In machine learning the aim is to distinguish signal from noise, to extract things that will generalize to future data, as opposed to merely coincidental, contingent things that appear in the training data. This however leads to deeply philosophical issues that some engineer types tend to ignore out of a feeling of superiority over humanities types. It's not clear for example how to distinguish real, fundamental correlations from mere happenstance.

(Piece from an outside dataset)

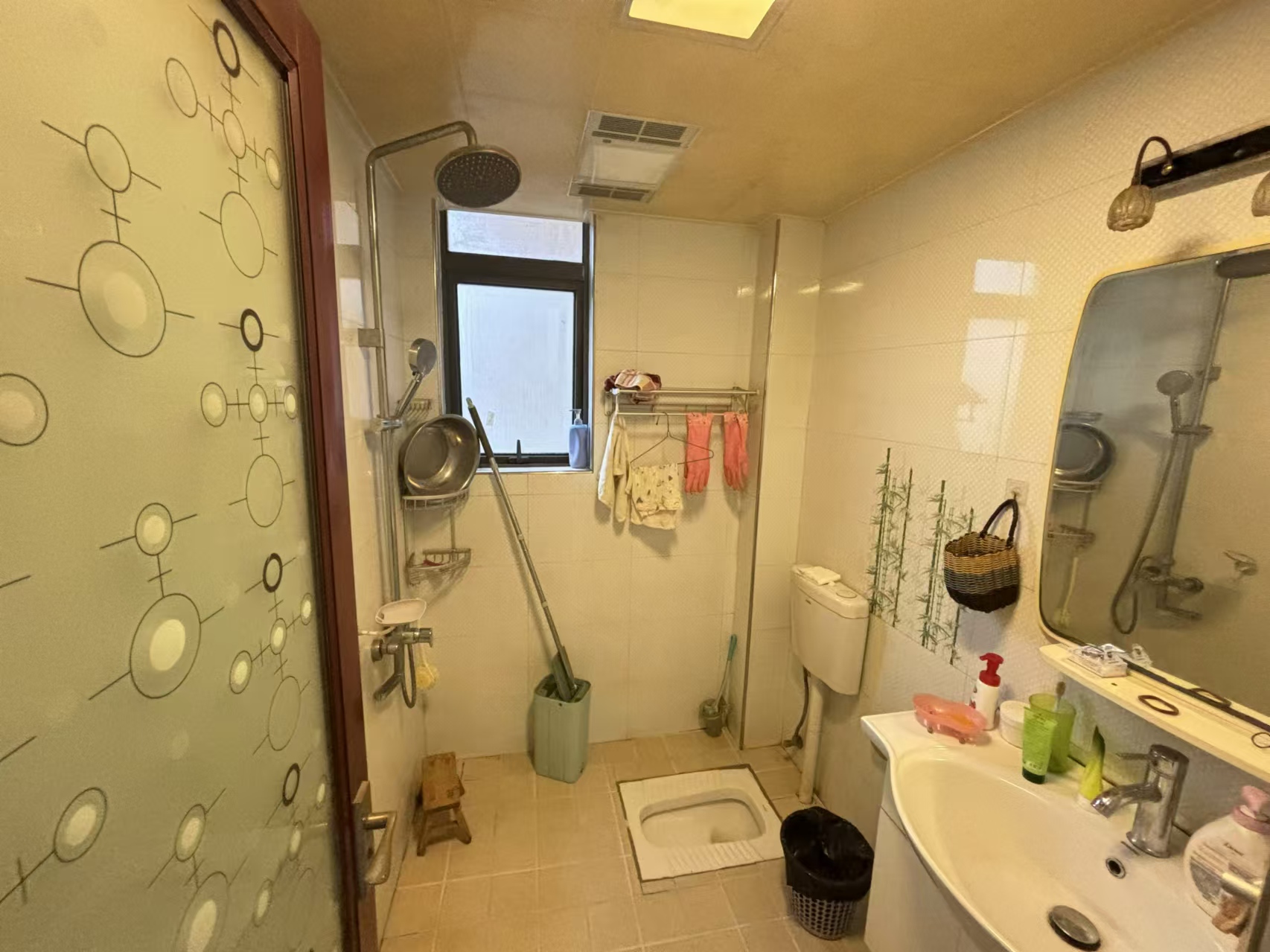 佳輝麗景鑫城  1室1廳1衛(wèi)    1500.0元/月室內(nèi)圖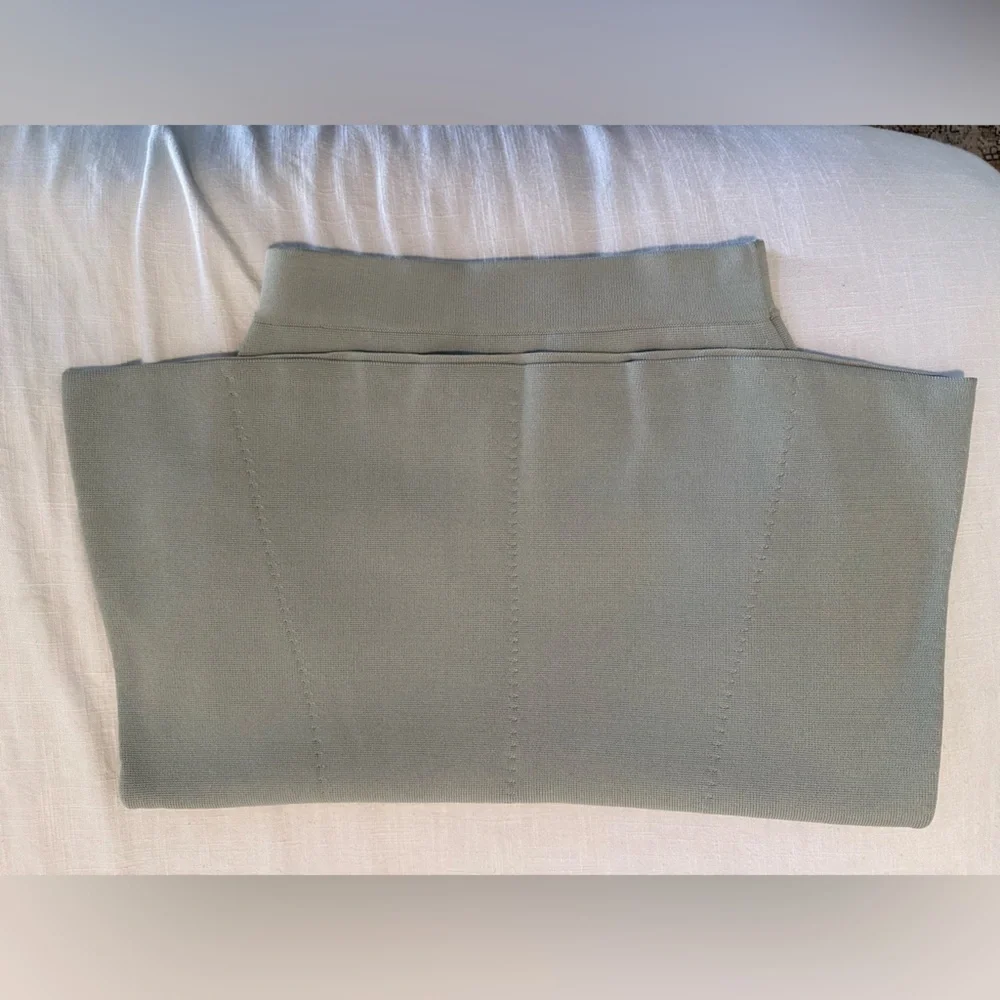 REISS Bridgette Sage Green Pencil Knit Skirt Pockets High Waisted Womens Size 2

For example one may say that a female US president is perfectly possible, it's not a logical contradiction. The fact that we haven't had one is just a contingent fact about our timeline so far. Or perhaps that the fact that black people currently commit more crimes is not an inherent property to them but a happenstance based on external conditions and so on.

By the way, Saul Kripke just died a few days ago. He had a lot to say about necessity. I'm not convinced that the necessary vs contingent stuff (which goes back all the way to theological arguments) is actually all that meaningful but it's good to recognize that people have already discussed these sorts of things.

It's not clear for example how to distinguish real, fundamental correlations from mere happenstance.

You mean, how to distinguish correlation from causation? Isn't this exactly the domain of the scientific/empirical method, and its associated toolbag of trickery?

No, not causation. I mean correlations that will hold at test time and aren't just coincidences. Causation is a different thing.

What other options are there for a nontrivial correlation? One where both are causally connected to a common third factor?